BEGIN ENTRIES SHOWN

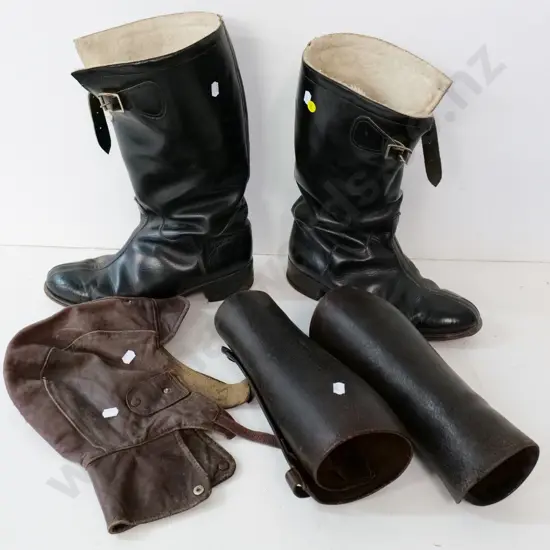 2 WWII era (RNZAF) lambskin flying helmet, pair of leather puttees, and fleece lined boots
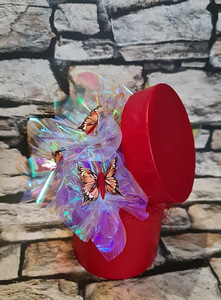 Karp kunstliblikatega Kõrgus 25cm Värvus punane (2 foto / 4)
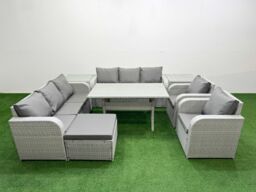 Fimous PE Rattan High Back Lounge Sofa Set Patio Rectangular Dining Table & Chairs Set w/ 3 Seater Sofa Reclining Chair Big Footstool 2 Side Table - thumbnail 1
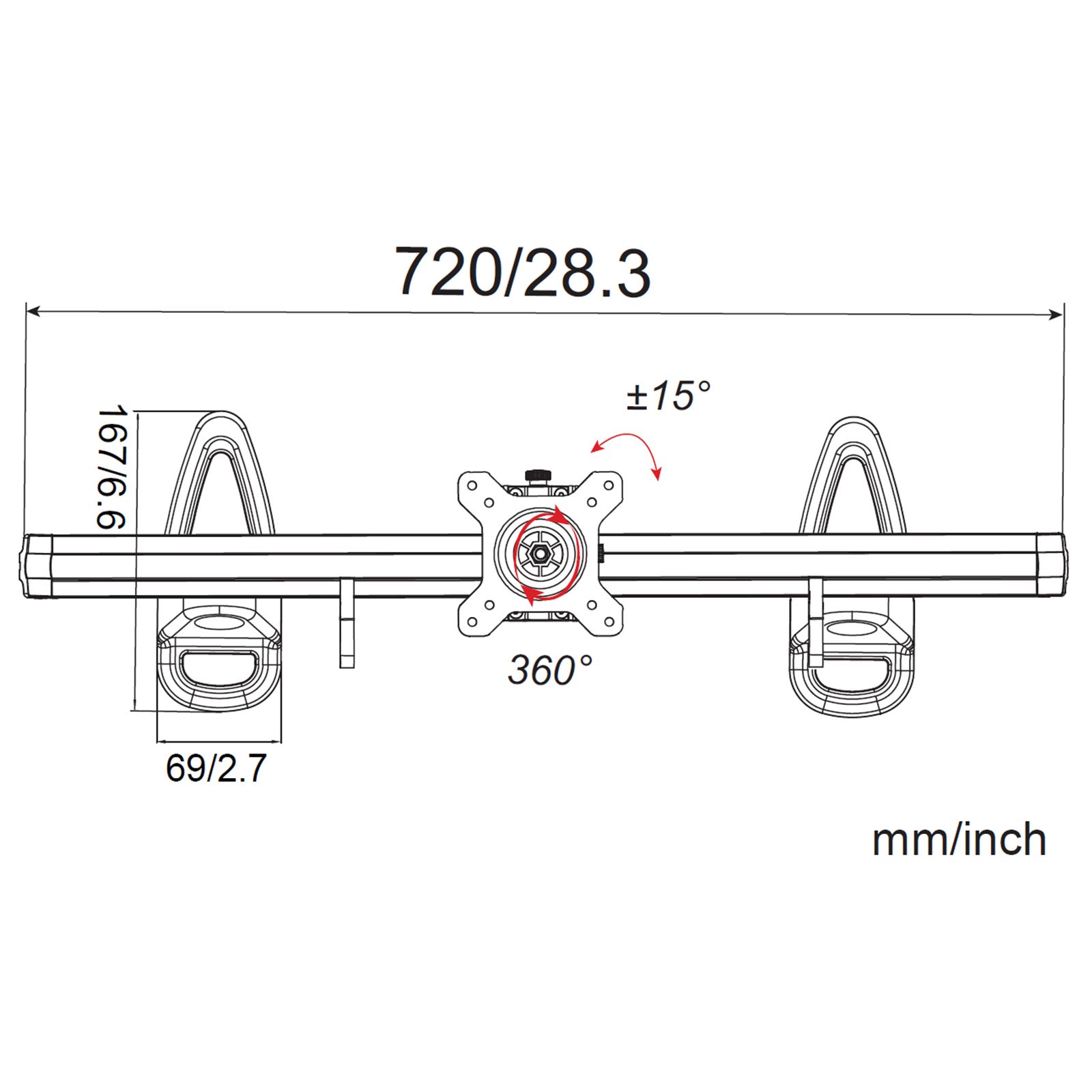 HFTEK® – Wandhalterung für einen Bildschirm (MP210W) – Bild 2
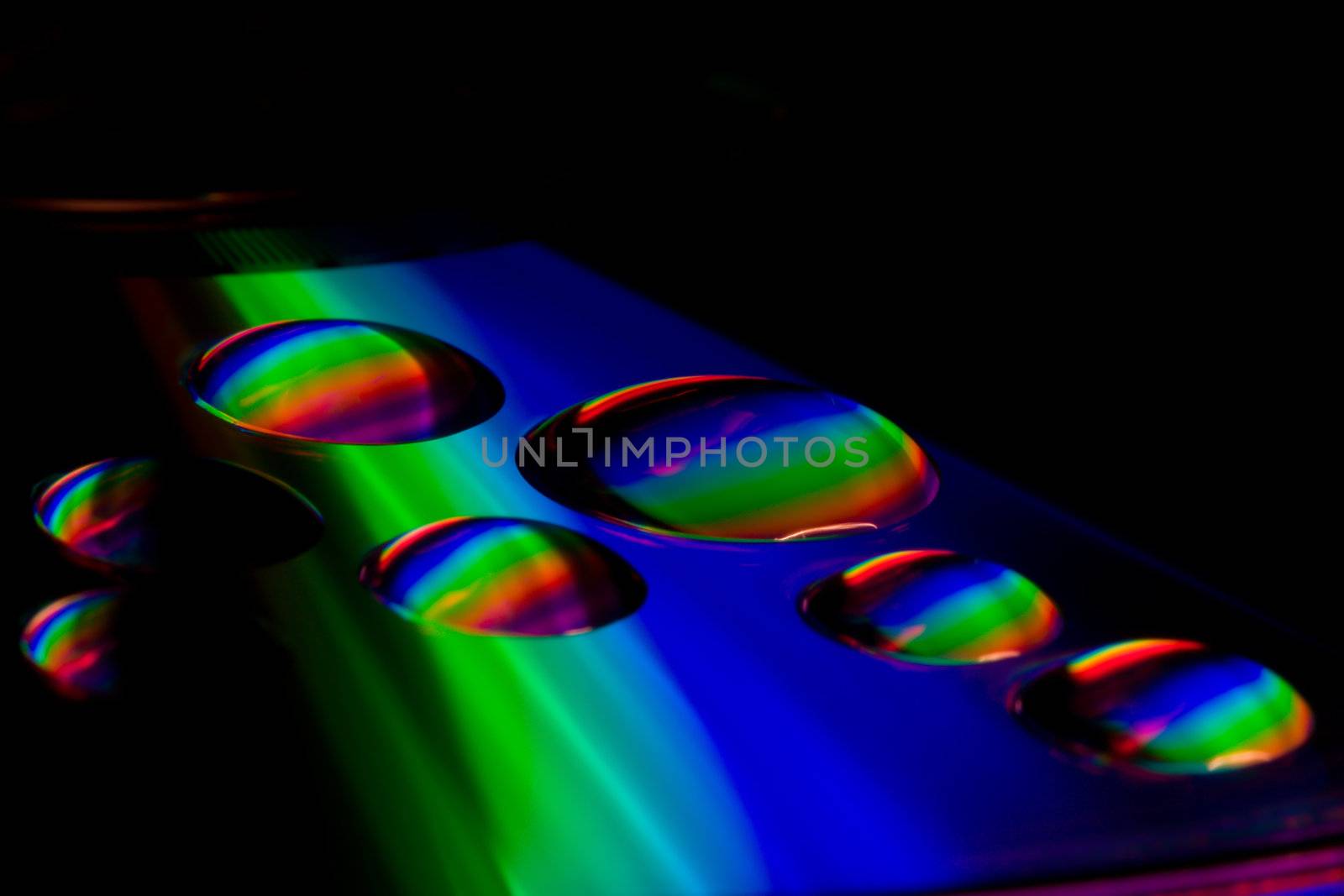 Rainbows created in each of these water drops.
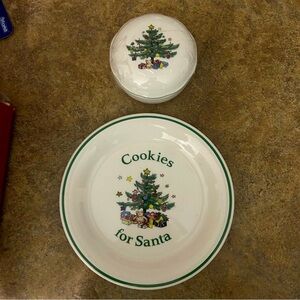 VINTAGE Nikko Set of cookies for Santa  Ceramics Plate and Covered Candy Dish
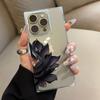 Transparent Square Back Tube Case Casing Protection For iPhone 15 Plus 11 14 Pro Max 16 ProMax 13 12 Anti-Oxygen,Black Lotus Pattern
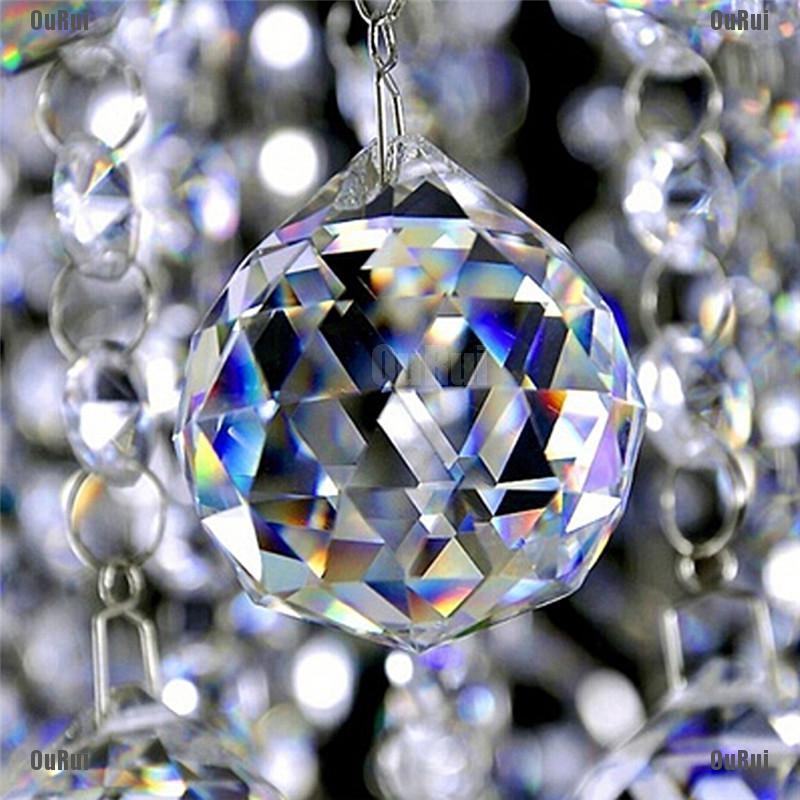 20mm Clear Crystal Lighting Ball Prisms Hanging Pendant Wedding Curtain Decor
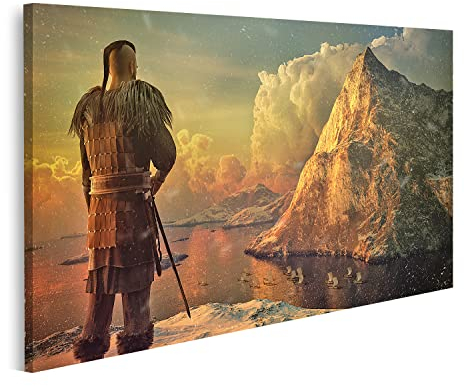 islandburner Bild auf Leinwand Wikinger Krieger Meer Schnee Berg Bilder Wandbilder Poster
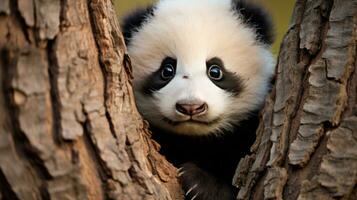 A panda cub peeking out from behind a tree trunk, looking curious photo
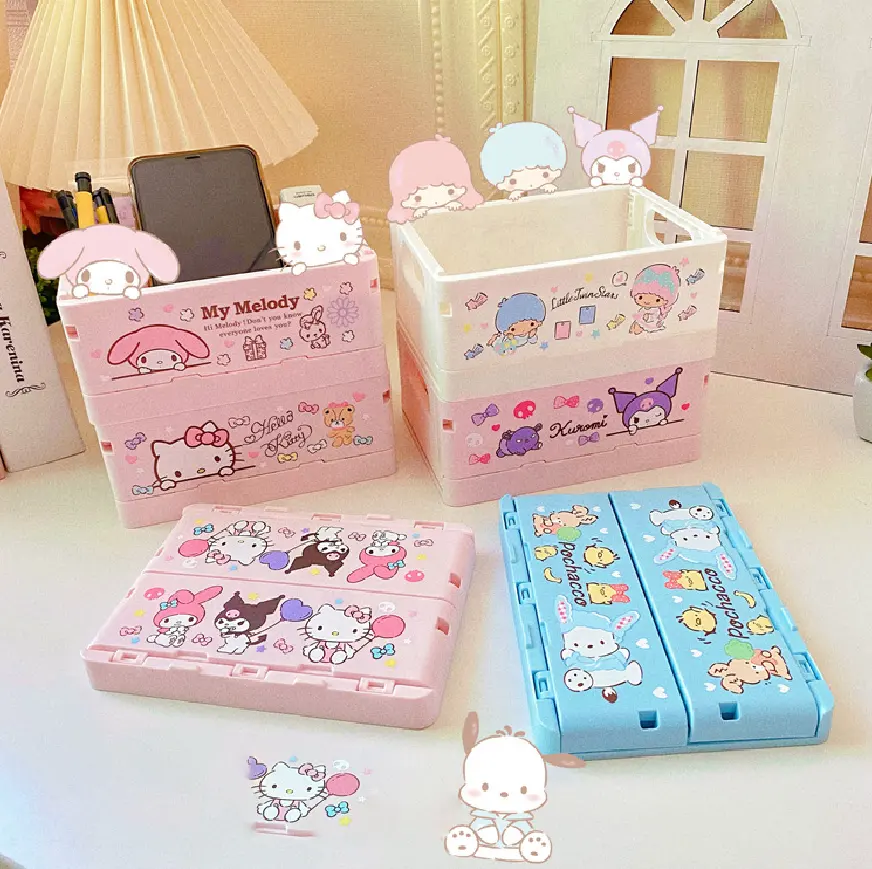 sanrios Folding Storage Box 17CM Kawaii Kuromi Melody Cinnamoroll Pom Pom Purin Anime Peripheral Kawaii Stackable Box Gift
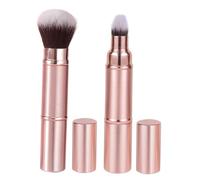 iplusmile 2pcs Retractable Dual Ended Travel Makeup Brushes with Protective Caps Portable Collapsible Powder and Foundation Brush for Face Blush Bronzer and Sunscreen Application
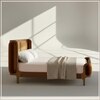 Valerio Duo-Panel Luxe Queen Size Bed in Mustard colour Velvet with Oak wood Frame
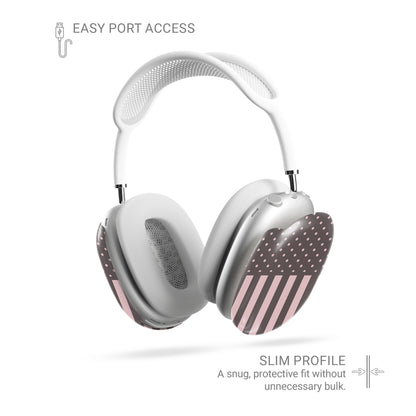 Strawberry Wafer AirPods Max Covers featuring fine strawberry-pink polka dots above bold vertical strawberry-pink stripes on a cocoa-brown background.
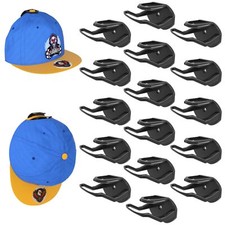 16 Pack Adhesive Hat Hooks for Wall, Strong Rack Baseball Caps, Black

END ENTRIES SHOWN

**PROBLEM TO SOLVE:** Your answer must be an exact repeat of the records above, with the pictures left out.

**RESPONSE BELOW:**
 2 WWII era (RNZAF) lambskin flying helmet, pair of leather puttees, and fleece lined boots
 Karp kunstliblikatega Kõrgus 25cm Värvus punane (2 foto / 4)
 Fimous PE Rattan High Back Lounge Sofa Set Patio Rectangular Dining Table & Chairs Set w/ 3 Seater Sofa Reclining Chair Big Footstool 2 Side Table - thumbnail 1
 HFTEK® – Wandhalterung für einen Bildschirm (MP210W) – Bild 2
 Rainbows created in each of these water drops.
 VINTAGE Nikko Set of cookies for Santa  Ceramics Plate and Covered Candy Dish
 Transparent Square Back Tube Case Casing Protection For iPhone 15 Plus 11 14 Pro Max 16 ProMax 13 12 Anti-Oxygen,Black Lotus Pattern
 20mm Clear Crystal Lighting Ball Prisms Hanging Pendant Wedding Curtain Decor
 islandburner Bild auf Leinwand Wikinger Krieger Meer Schnee Berg Bilder Wandbilder Poster
 A panda cub peeking out from behind a tree trunk, looking curious photo
 sanrios Folding Storage Box 17CM Kawaii Kuromi Melody Cinnamoroll Pom Pom Purin Anime Peripheral Kawaii Stackable Box Gift
 iplusmile 2pcs Retractable Dual Ended Travel Makeup Brushes with Protective Caps Portable Collapsible Powder and Foundation Brush for Face Blush Bronzer and Sunscreen Application
 Valerio Duo-Panel Luxe Queen Size Bed in Mustard colour Velvet with Oak wood Frame
 Strawberry Wafer AirPods Max Covers featuring fine strawberry-pink polka dots above bold vertical strawberry-pink stripes on a cocoa-brown background.
 16 Pack Adhesive Hat Hooks for Wall, Strong Rack Baseball Caps, Black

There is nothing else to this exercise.